Mais, revenons au texte cité où l’on nous dit que “la vertu, l’amour, l’opinion, les sciences la conscience” sont devenues vendables et achetables. Or, ce n’est pas tout à fait vrai. On ne peut pas acheter l’amitié, bien qu’on puisse acheter une compagnie que l’on appelle faussement un ami. On ne peut pas acheter la vertu, mais on peut s’offrir une renommée de juste en payant ceux qui la diffuse. On ne peut pas acheter la science ou le savoir, mais on peut acheter des diplômes universitaires. On ne peut pas acheter l’amour mais on peut obtenir des partenaires sexuels en échange d’un salaire. On ne peut pas acheter la conscience, mais on peut obtenir une conscience pour une poignée de Louis d’or. Ainsi donc, “ la vertu, l’amour, l’opinion, les sciences la conscience” sont en quelque sorte inaliénables, car personne ne peut vendre ce qu’il ne possède pas. Cependant, elles sont à la fois ce qu’il y a de plus vendable au monde dans le sens où ce qui est vendu en tant que vertu n’est autre que vice où ce qui est vendu en tant qu’amour n’est autre que haine, en tant que science, erreur. Ce qui est vendu pour une opinion est apathie, pour science, inconscience.
On pourra m’objecter que le fait qu’on ne puisse pas s’approprier la science n’est pas d’une grande consolation puisque la technologie, sans rien payer en échange, s’approprie librement la science d’Archimède, d’Euclide, de Newton ou d’Einstein sans que l’humanité ne reçoive de droits de propriété intellectuelle pour l’exploitation de ces ressources. On pourra aussi me dire que le fait que l’amour soit inaliénable n’est pas une consolation s’il est possible de prostituer un être humain et l’utiliser, moyennant de l’argent, de la même manière que tout autre article disponible sur le marché. On me fera mille autres objections et je ne leur donnerai pas tort.

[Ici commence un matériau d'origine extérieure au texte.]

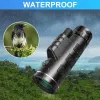 Monopods 40x60 Télescope professionnel monoculaire puissants biinoculaires Télescope de poche HD avec trépied pour les vacances de voyage comme cadeau de cadeau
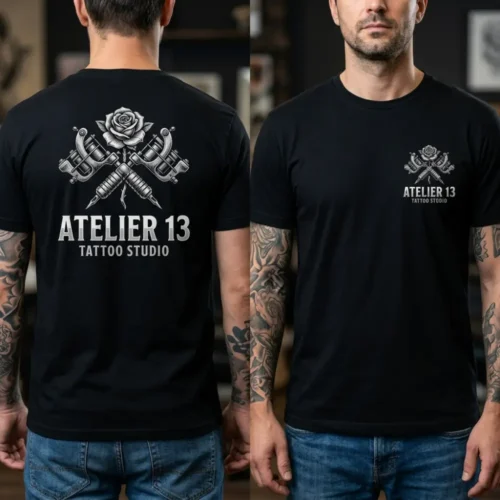 Tricou Personalizat Salon de tatuaje - Cu Logo Firmă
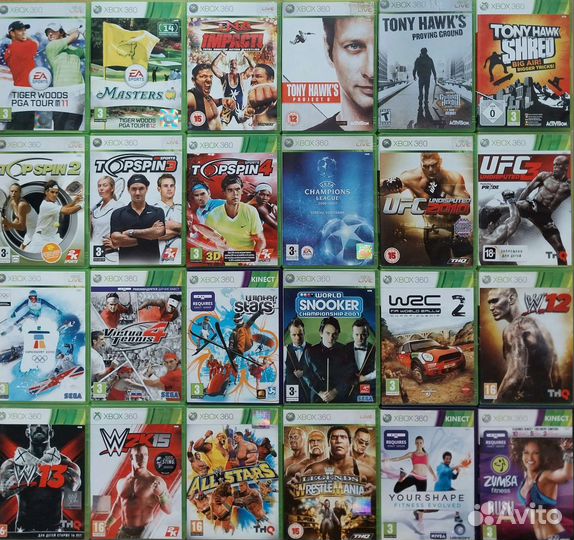 Xbox 360 спорт гонки танцы кинект игры иксбокс 360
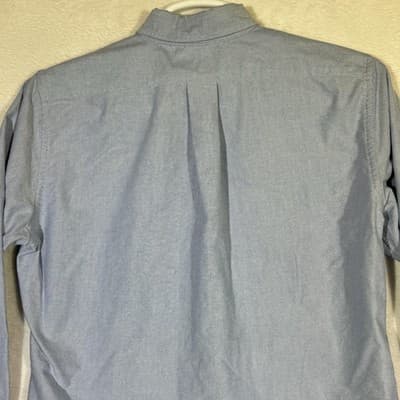 Ralph Lauren Shirt Mens Large Blue Button Down Oxford Long Sleeve Pony Logo Polo - Thumbnail 12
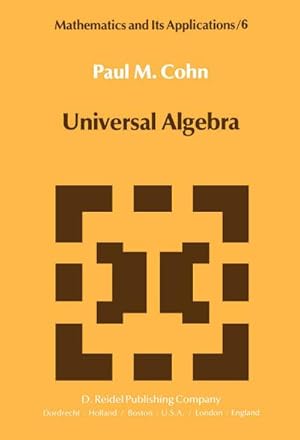 Seller image for Universal Algebra for sale by BuchWeltWeit Ludwig Meier e.K.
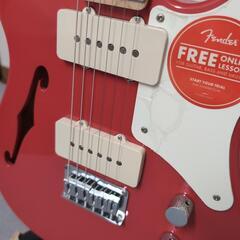 Squier by  Fender Paranormal Cabronita Telecaster Thinline Fiesta Redの画像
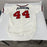 Hank Aaron Signed Authentic Atlanta Braves 1980's Game Model Jersey JSA COA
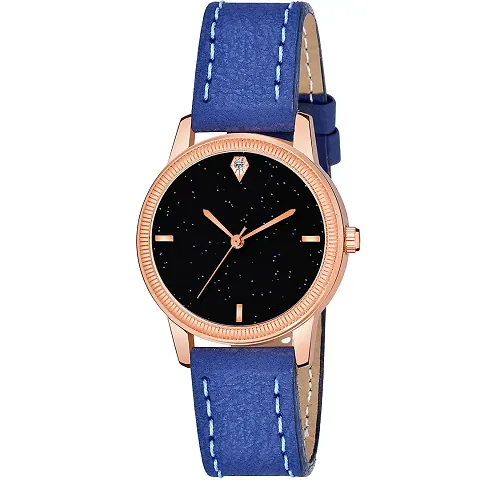 Fashionable Dial Genuine Leather Analog Watch For Women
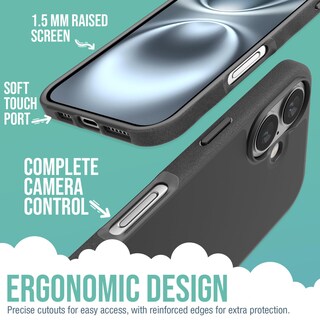Foto 3 | Foto 3 | Funda Para Teléfono Smartish Gripmunk Magnetic Slim Para Iphone 16, Negra - Venta Internacional.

Cela dit, on continue à “ transmettre, donner et acquérir ” en plus d’acheter ou vendre, bien que la première option semble avoir été mise de côté et que la deuxième semble tout englober. Si on transmet à un jeune un savoir, on ne le perd pas pour autant. On ne le perd pas non plus si on le vend ou le transmet pour de l’argent, comme le fait le professeur. La connaissance est une marchandise autre que les biens matériels-corporels. D’une certaine manière, la connaissance peut être vendue et achetée, mais curieusement, on la conserve même si elle devient propriété d’un autre. Et ceci parce que, n’étant pas un objet, personne ne la possède. Contrairement à ce qui arrive à l’artisan qui, lorsqu’il fabrique un vase en terre et le vend, le perd, celui qui a une idée, la partage ou la vend, ne se retrouve pas sans idée après. Ainsi, il existe une différence entre aliéner et vendre. Le premier signifie tout donner et le second donner seulement une partie ; le premier cède le temps et le produit alors que le second cède le temps, le produit tout en conservant le produit, mais, les deux conservent la capacité créatrice, inextirpable, elle. Et, si on parle non pas de ce qui se transmet mais de ce qui se donne et s’acquiert, on se retrouve face à des choses qui ne peuvent être ni vendues ni aliénées. Le don exclut la vente puisque l’on ne reçoit rien en échange et il en est de même pour l’acquisition. On peut acheter et payer des cours d’anglais mais pas la connaissance de la langue anglaise. On peut acheter des diplômes mais pas les capacités qu’elles sont sensées certifier. Celles-ci doivent s’acquérir et non pas s’acheter.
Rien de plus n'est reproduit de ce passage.